**Records for processing**
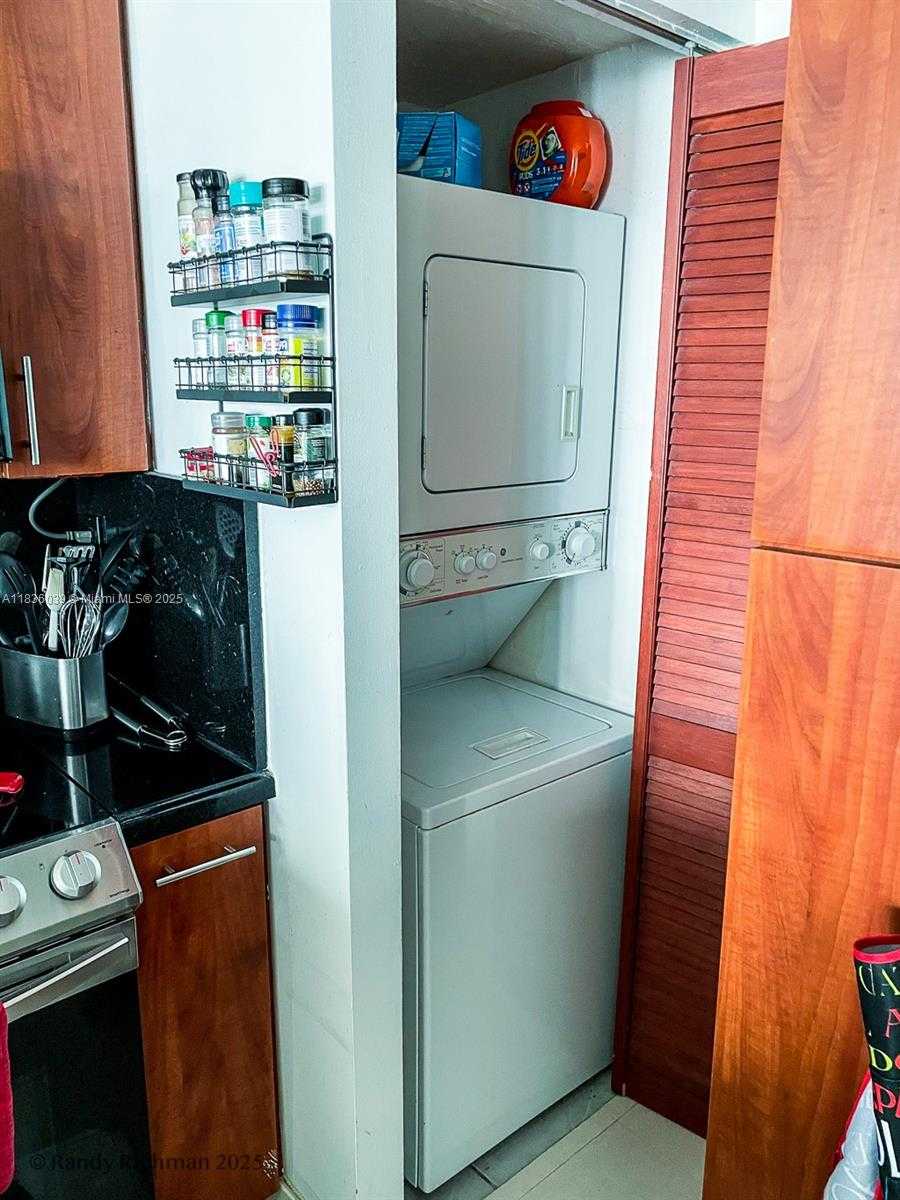 Small Image of 600 NORTH EAST 36TH ST #1820, Miami Number 23
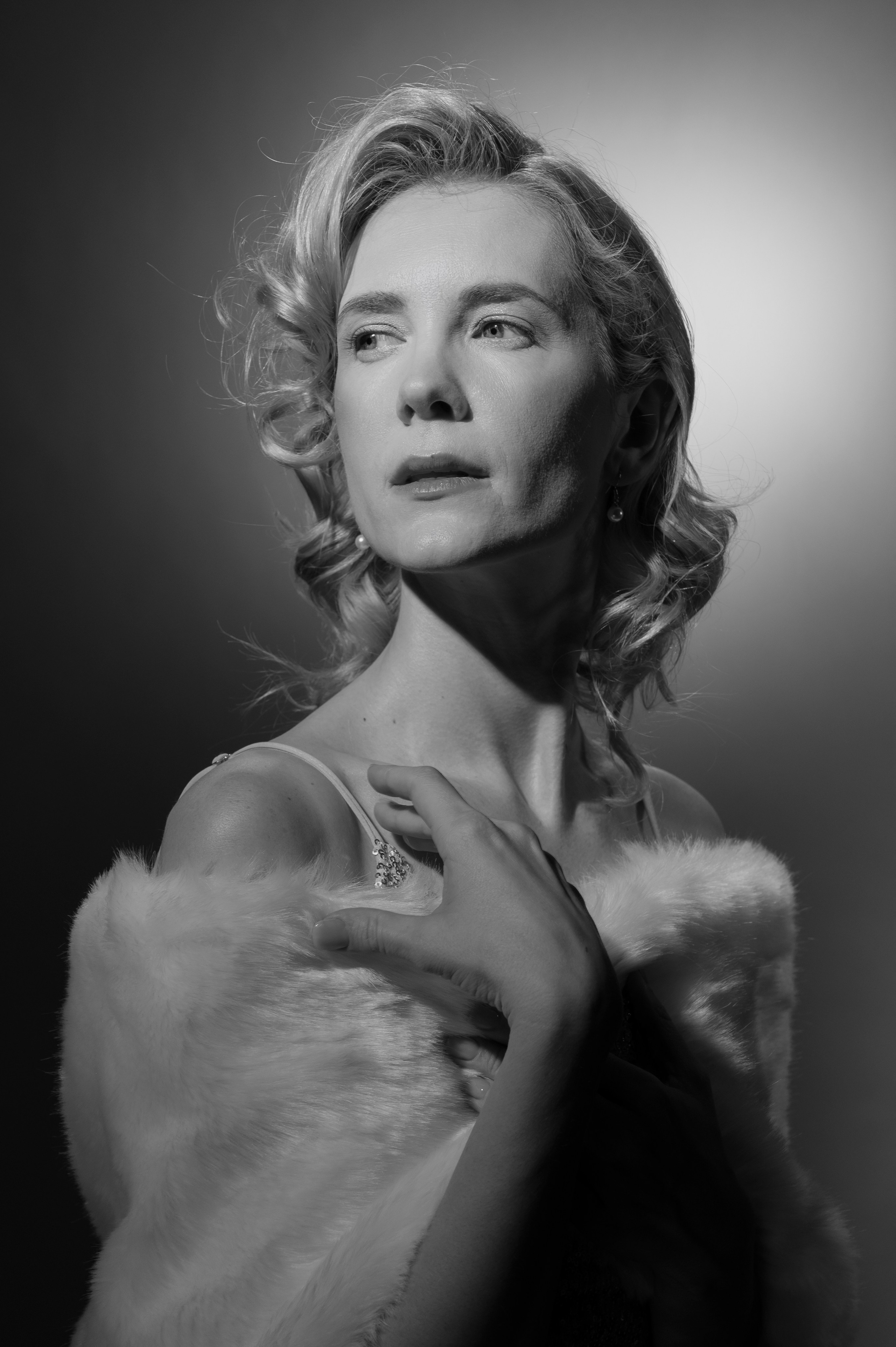 Студийная съемка для актрисы Юлии Конюховой. Портретный фотограф в Москве Ковалева Валентина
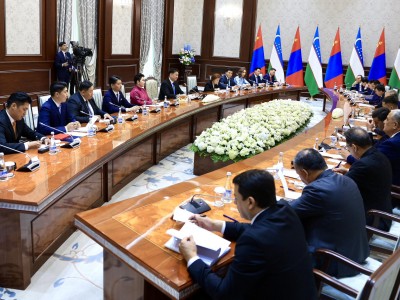 Монгол Улсын Ерөнхийлөгч У.Хүрэлсүх, Бүгд Найрамдах Узбекистан Улсын Ерөнхийлөгч Ш.Мирзиёев нар албан ёсны хэлэлцээ хийлээ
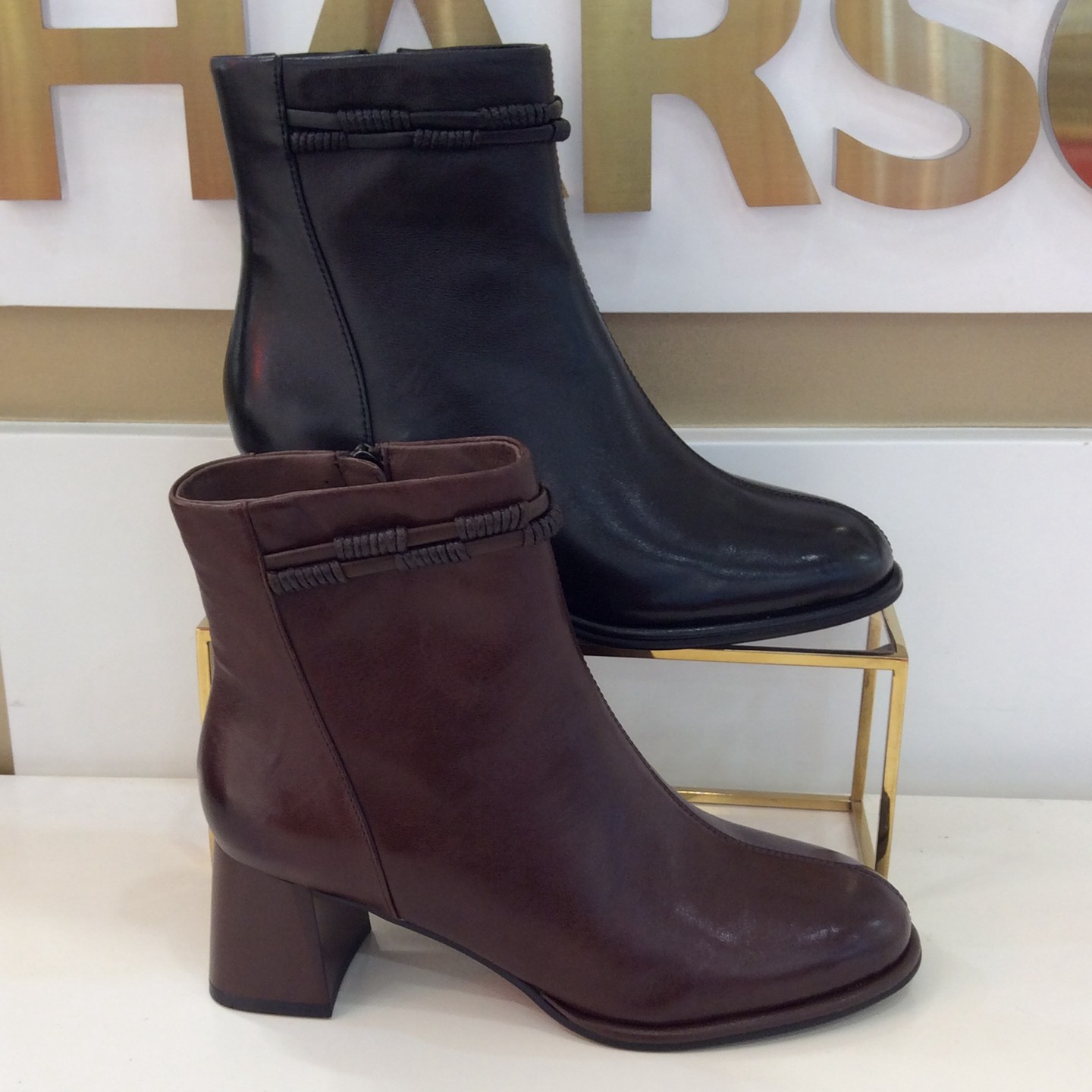 哈森HARSON专柜正品2025冬季新款高粗跟圆头真皮短筒女靴HA254101,女鞋,时装靴,淘宝优惠券,粉丝福利购,淘宝优惠卷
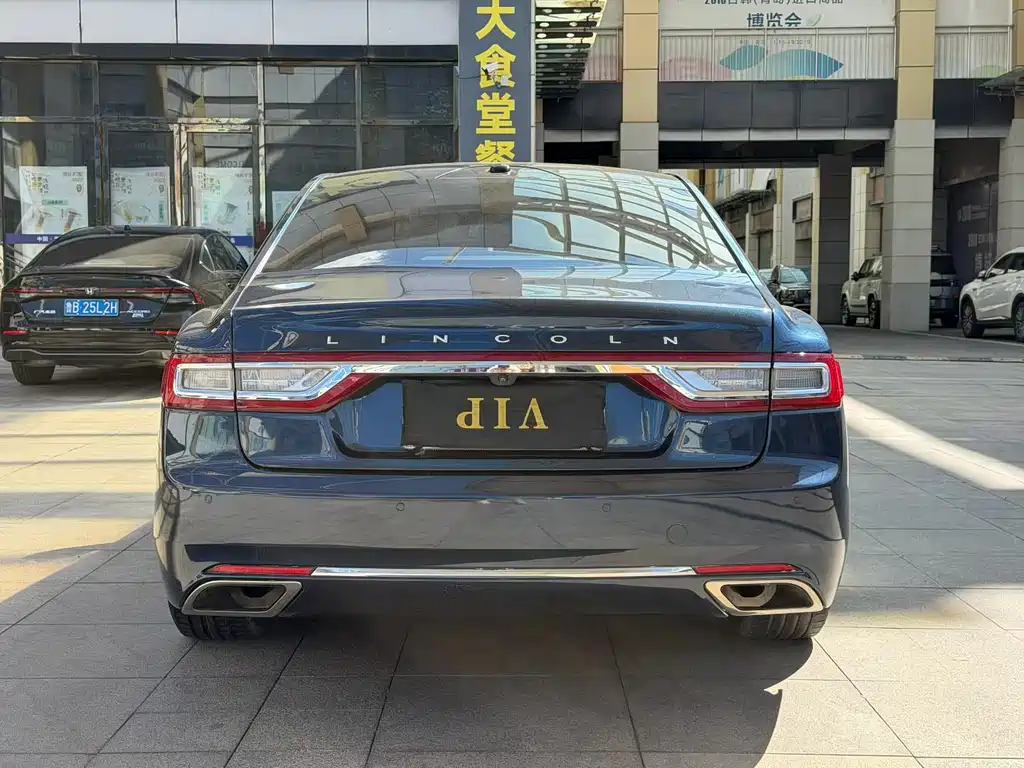 Lincoln Continental — миниатюра 8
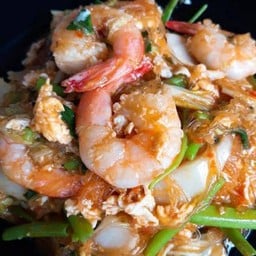 สุกี้แห้งกุ้ง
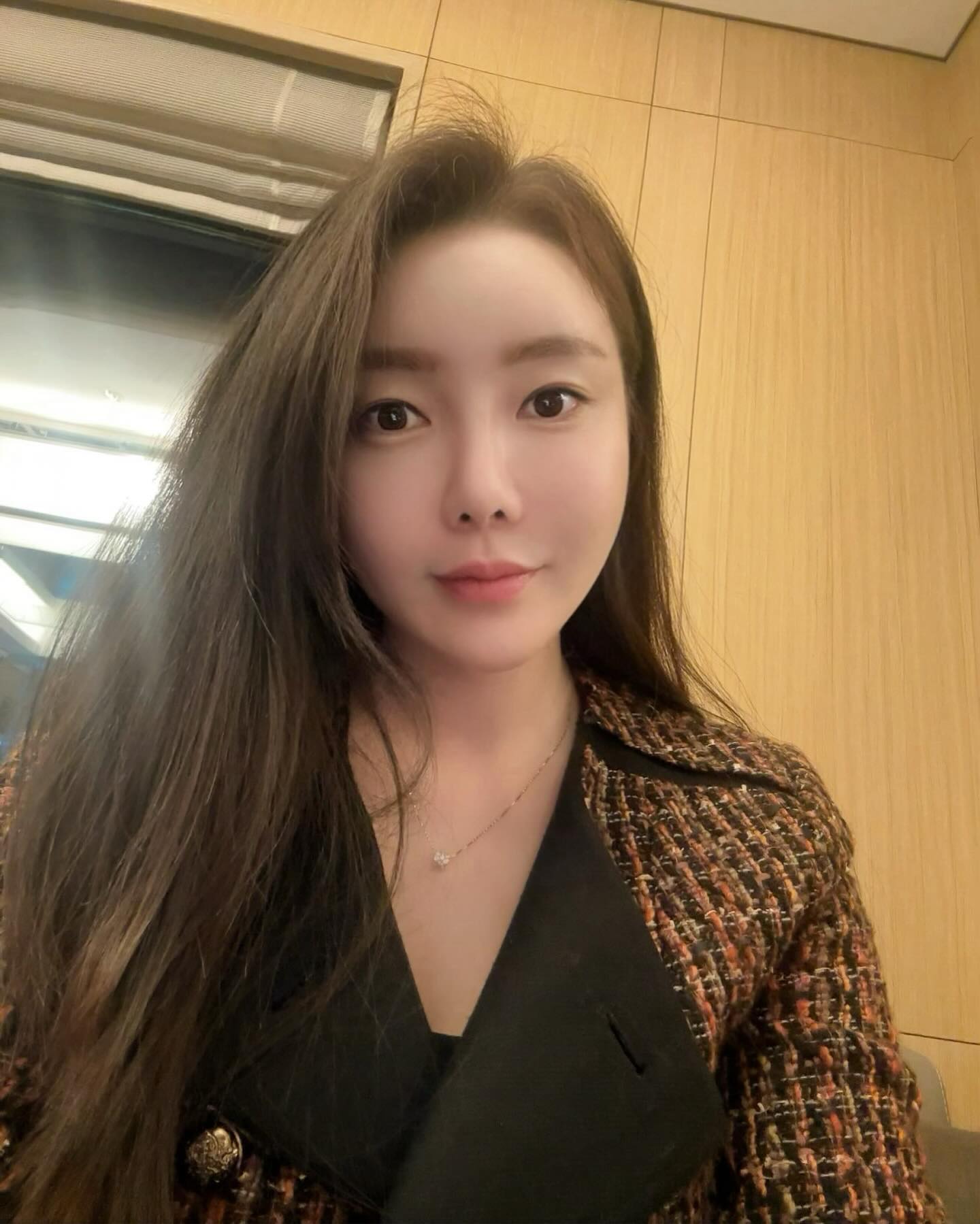 사룽하는 남푠님하고 먹고 먹고 또먹고!!
살찌는 계절~
.
남푠님아 잘 먹었쭙니다~🤗.
사룽해용~💕💕💕💕💕💕
.
아~회는 어머님이 사주셨쥐~!!
어머님 잘 먹었습니당~ 사룽해요🥰
.
.
#데이트 #부부스타그램 #맛스타그램 #오늘뭐먹지 #actor #model #연기 #모델 #배우 #먹스타스램 #럽스타그램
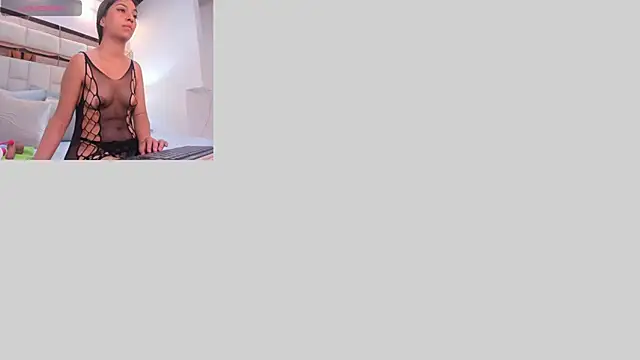 Snapshot of karolgaviriaa chatting on 10.14.25 karolgaviriaa online show from 10.14.25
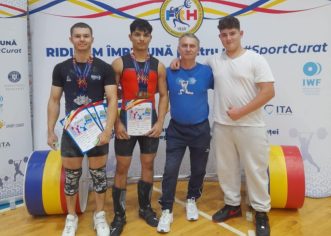 Halterofilii CSM-ului au urcat pe podium la finala națională a juniorilor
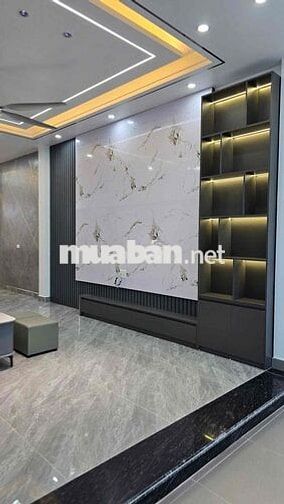 nhà 3 tầng kiên cố ô tô tránh nhau sẵn bìa sang tên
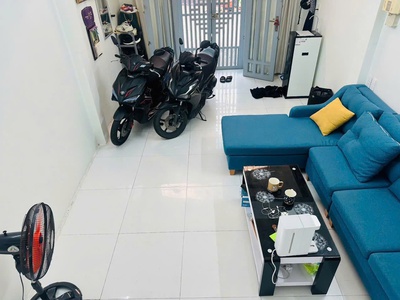 Nhà hẻm 9m 3.5x11m lửng lầu bùi minh trực p6q8 2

**What this task involves**
Quote, without alteration, the lines running from the line containing "Halterofilii CSM-ului au" to the last line of the entries, and include no pictures.

**Problem solution**
 Halterofilii CSM-ului au urcat pe podium la finala națională a juniorilor
 nhà 3 tầng kiên cố ô tô tránh nhau sẵn bìa sang tên
 Nhà hẻm 9m 3.5x11m lửng lầu bùi minh trực p6q8 2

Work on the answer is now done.